The power of love is redemptive. Love saves, rescues, sets free. Love restores honor, worth, and reputation. Love is redemptive.
Most of my life, I’ve ran from love. I don’t mean the boy meets girl kind of love, I mean the life giving, life altering, life long kind of love found in our best friends, in healthy families, in true community. I’m not sure, in some ways, that I’m not still running.
This kind of love is risky… vulnerable, honest, passionate, full of emotion with a commitment to restraint.
I’m not the best “sharer”. I’ll empty my wallet, give you the shirt off my back, serve you until I am blue in the face, but I recently realized I’m really uncomfortable with questions like, “How are you?” “How’s everything going?” “What’s happening in your world?” “How’s your day?”
Oy vey, what do we really mean when we ask these questions? And which part of how am I, what’s happening, how was my day, do people really want to know? Do you mean today, like this moment, or yesterday when I thought I’d explode? I never even know where to start with those questions (work, personal, marriage, friendship, things that blew up in my face this week, etc.), so I usually just give a general answer and move things right along. Doesn’t mean I don’t want to share… I think I’m realizing I just don’t know how to.
I need the redemptive power of love. The kind of love that sets me free to share and rescues me from my naturally introverted, isolated myself. The kind of love that breaks down the surface walls and gets straight to the heart of the matter. The kind of love that inspires joy and freedom, but still welcomes what’s ugly, as we explore who we are, the experiences we’ve had, the pain we’ve somehow endured.
I think we all need this kind of love.
Nobody has it all together, thank God, or I would have thrown in the towel a long time ago. And we are desperate for love, whether we acknowledge it or not. In our pride, in our arrogance, in our fight to control, we don’t always readily admit that we’re one step from crumbling on any given day, but we are.
But by the grace of God…we’re still standing.
I believe God knew our desperation when He created us. I see His response to that desperation expressed first in the gift of my salvation, and over and over again in God’s second greatest gift to me, people.
He uses people to keep our feet anchored.

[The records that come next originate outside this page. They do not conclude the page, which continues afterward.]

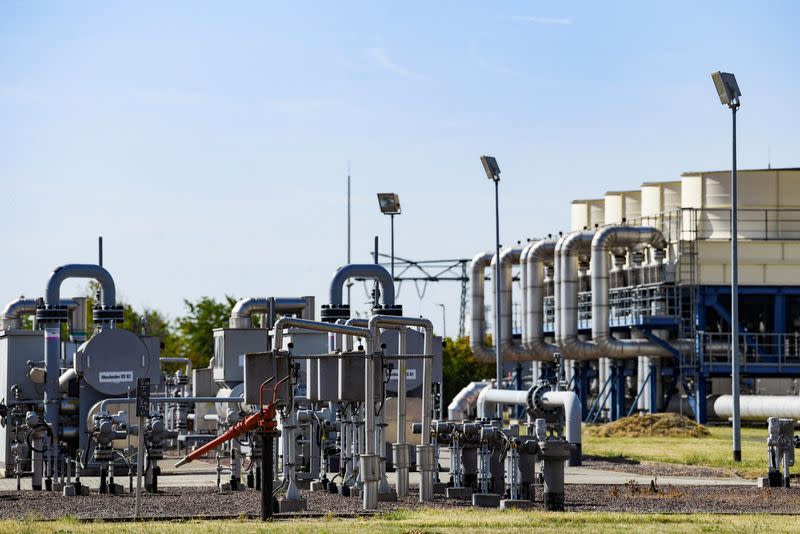 German Economy Minister Habeck visits companies hit by energy crisis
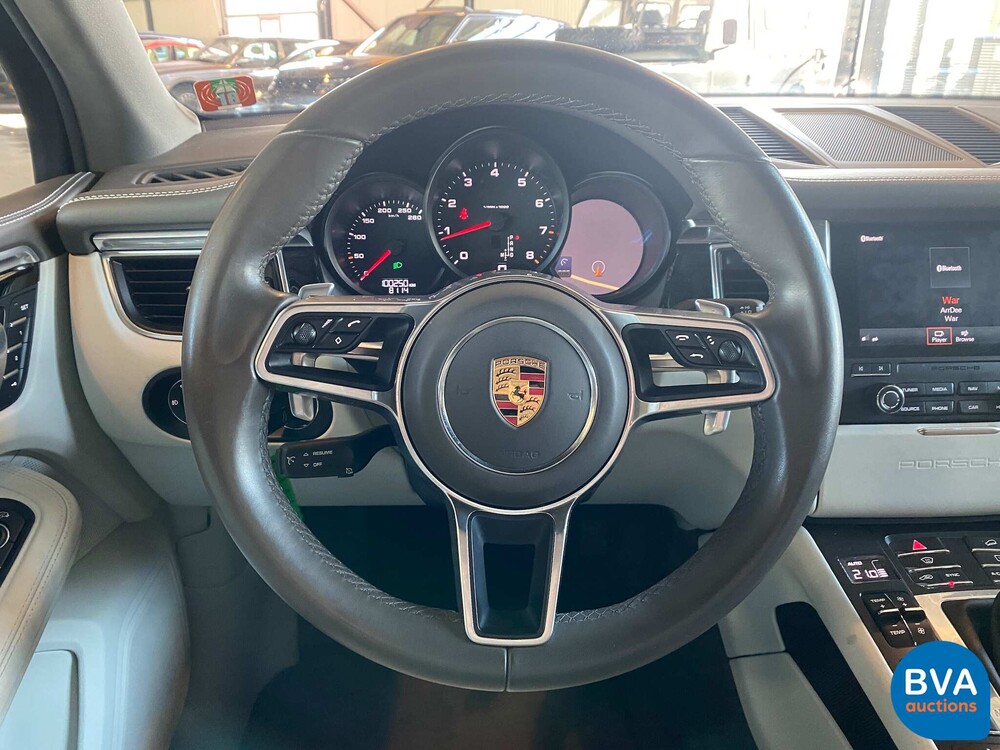 Porsche Macan 2.0 252hp 2017 -Org. NL-FACELIFT, NB-969-F.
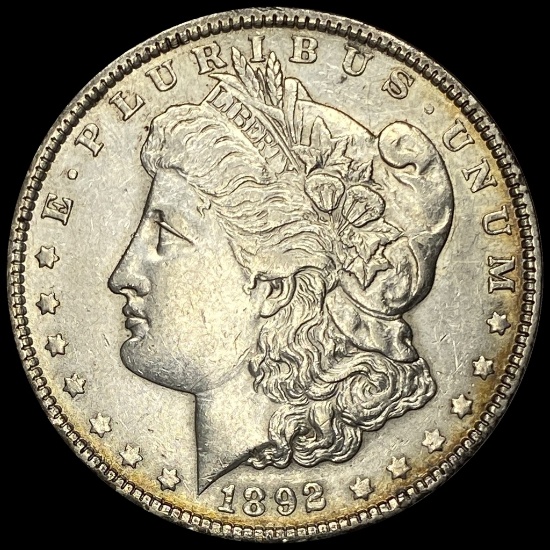 1892 Morgan Silver Dollar UNCIRCULATED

When we want to run, He uses safe, healthy people to love us, in spite of us, and those relationships help us share, heal our souls, redeem our time, and lead us to lives of integrity as we relinquish control and trust others enough to not only give love and service, but to receive it as well.
How have you experienced the power of love? Who are the people you’re grateful for? Call them, text them, email them, tweet them… Do anything – just make sure you tell them.